#### [Data for processing]
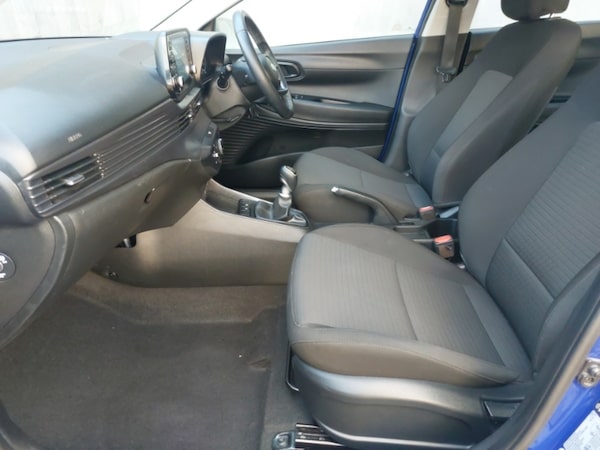 Used Hyundai i20 2023 for sale - 76343075: Photo 5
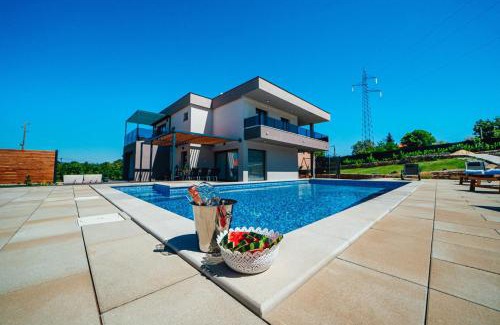 Lokvicici Villa | Luxury villa Tori in Imotski, pool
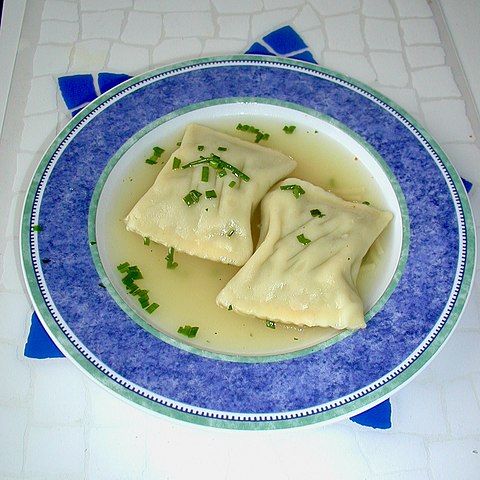Maultaschen-Suppe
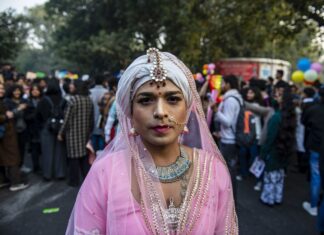 Being LGBTQ+ In India, Fashion Can Be A Glamorous Way To Save Your Life – Worldcrunch Being LGBTQ+ In India, Fashion Can Be A Glamorous Way To Save Your Life - Worldcrunch
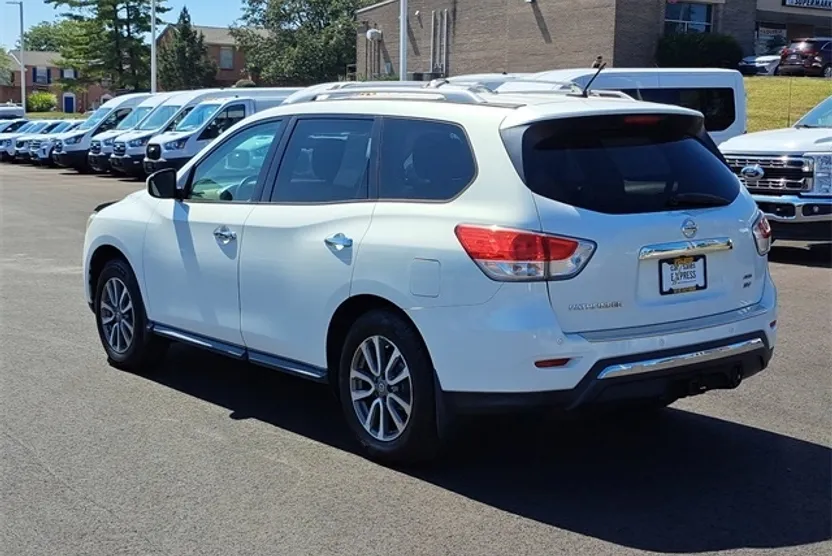 2013 Nissan Pathfinder SV photo 1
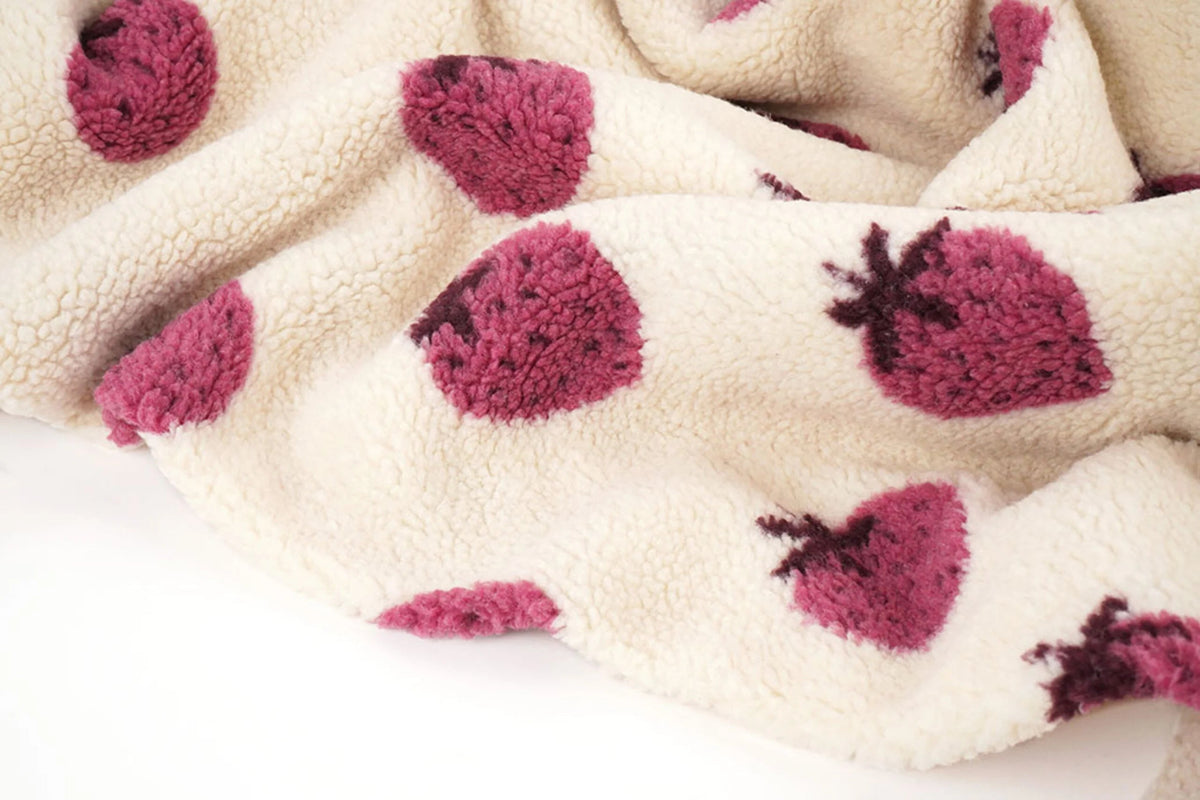 Teddy-fleece mansikkakuosilla – saatavilla verkossa Šarlotes audumi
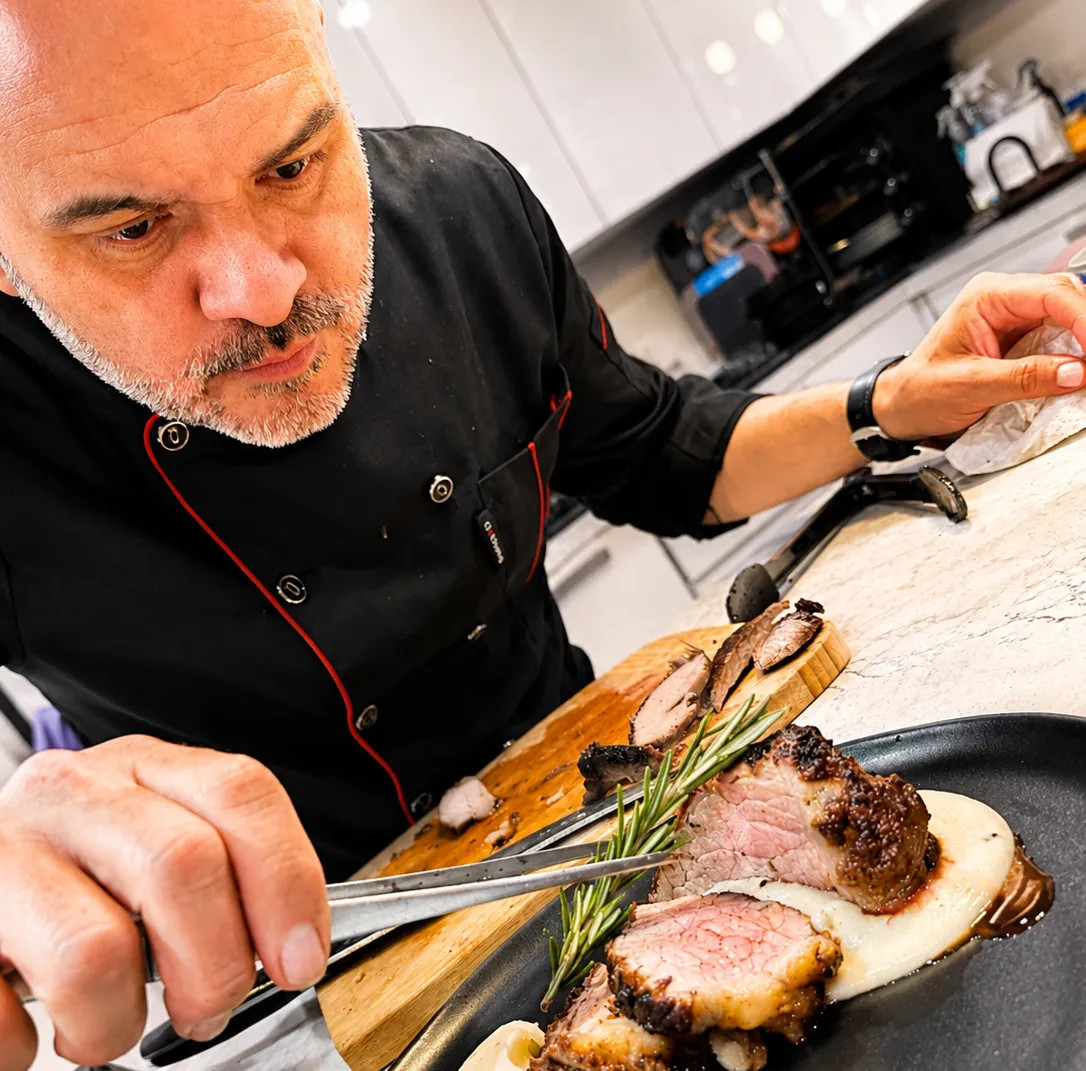 Image alt description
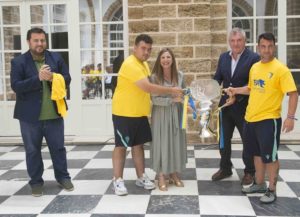 Irene García felicita al Cádiz CF Genuine por sus logros deportivos y humanos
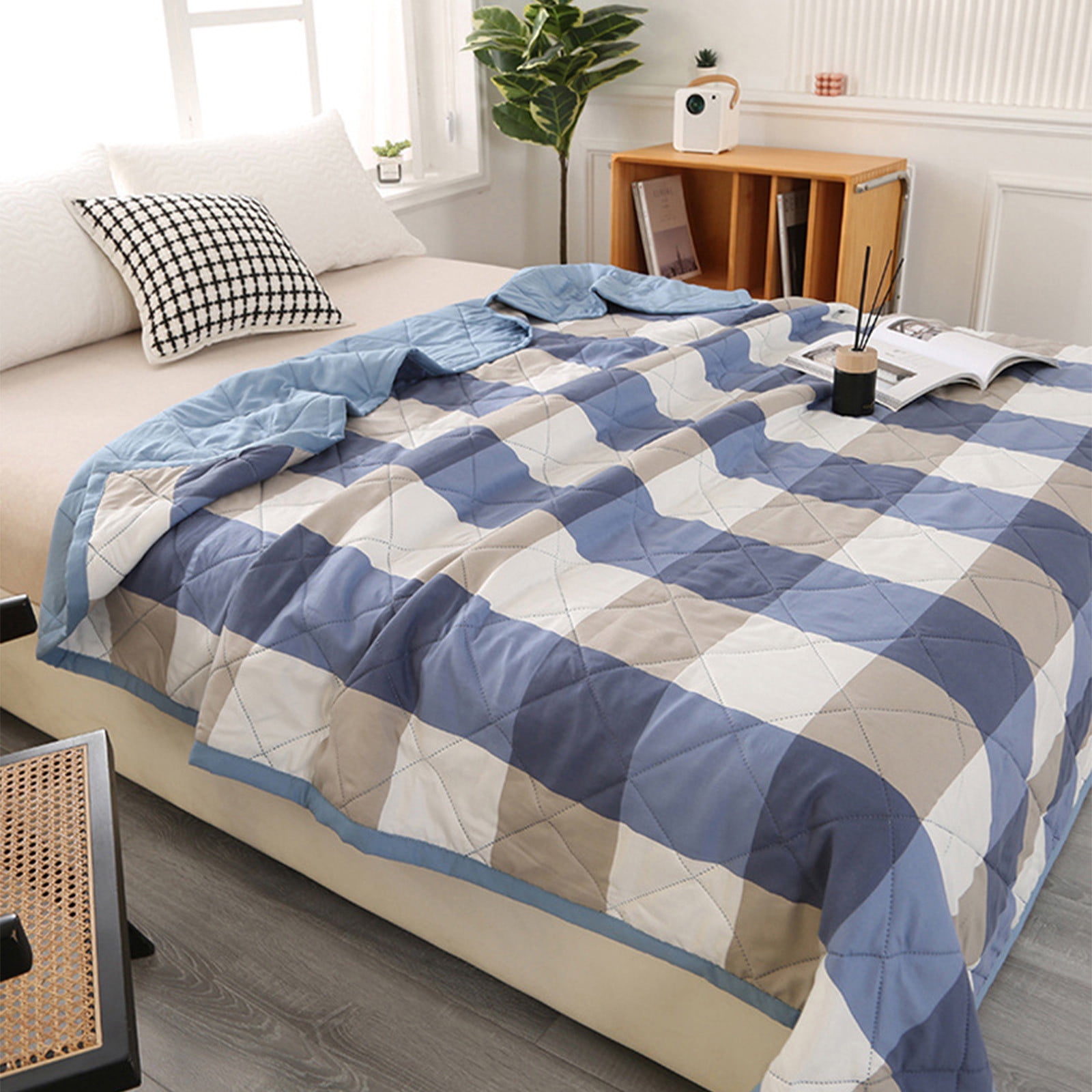 XGFHYJEH Queen Quilts on Clearance, Bedding Quilts, Plaid Quilt Queen Size, Summer Cooling Quilt, Small Quilt Bedding Blanket for Spring Summer Autumn, Cotton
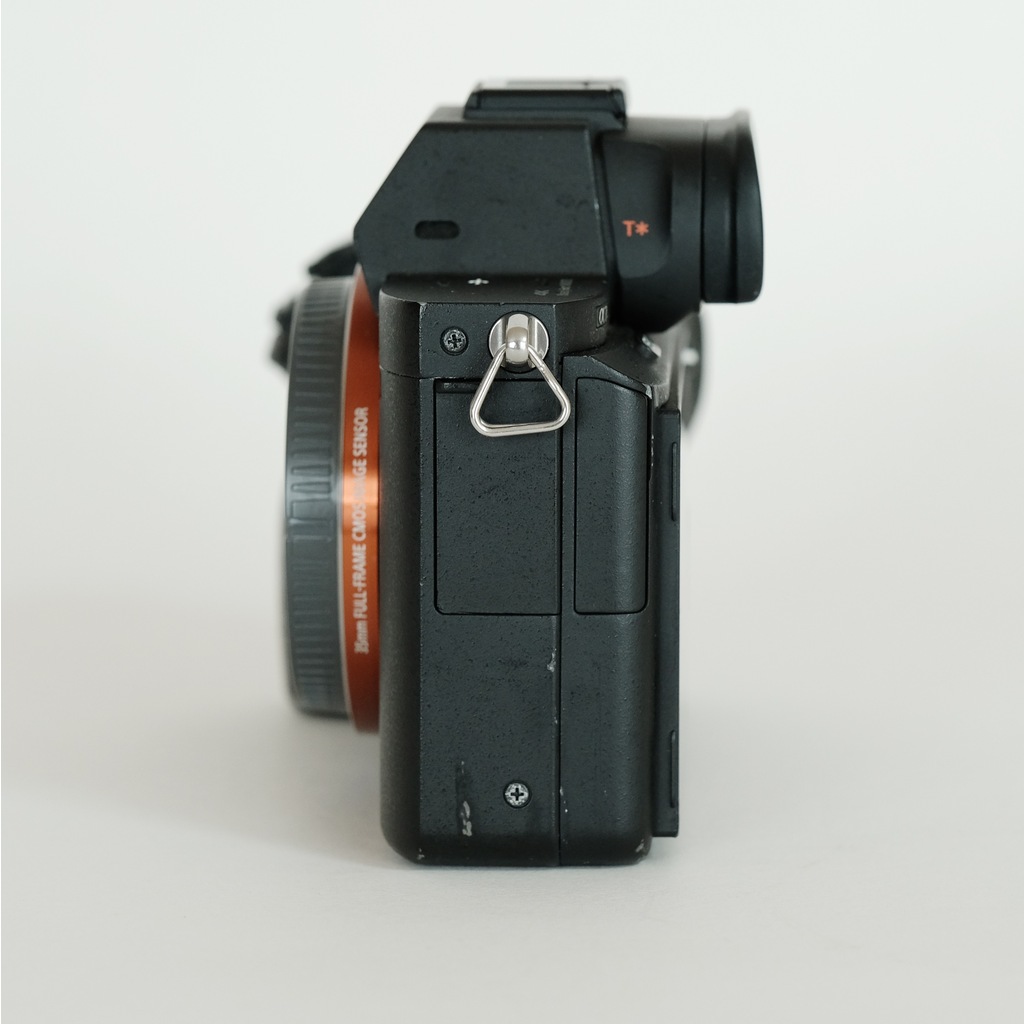 SONY α7S II（ILCE-7SM2）の出品 | ONE SCENE（ワンシーン）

#### [Problem details]
Starting with the line that holds "Irene García felicita", print each line through the last one of the data exactly as written, but do not include the pictures.

#### [Answer space]
 Irene García felicita al Cádiz CF Genuine por sus logros deportivos y humanos
 XGFHYJEH Queen Quilts on Clearance, Bedding Quilts, Plaid Quilt Queen Size, Summer Cooling Quilt, Small Quilt Bedding Blanket for Spring Summer Autumn, Cotton
 SONY α7S II（ILCE-7SM2）の出品 | ONE SCENE（ワンシーン）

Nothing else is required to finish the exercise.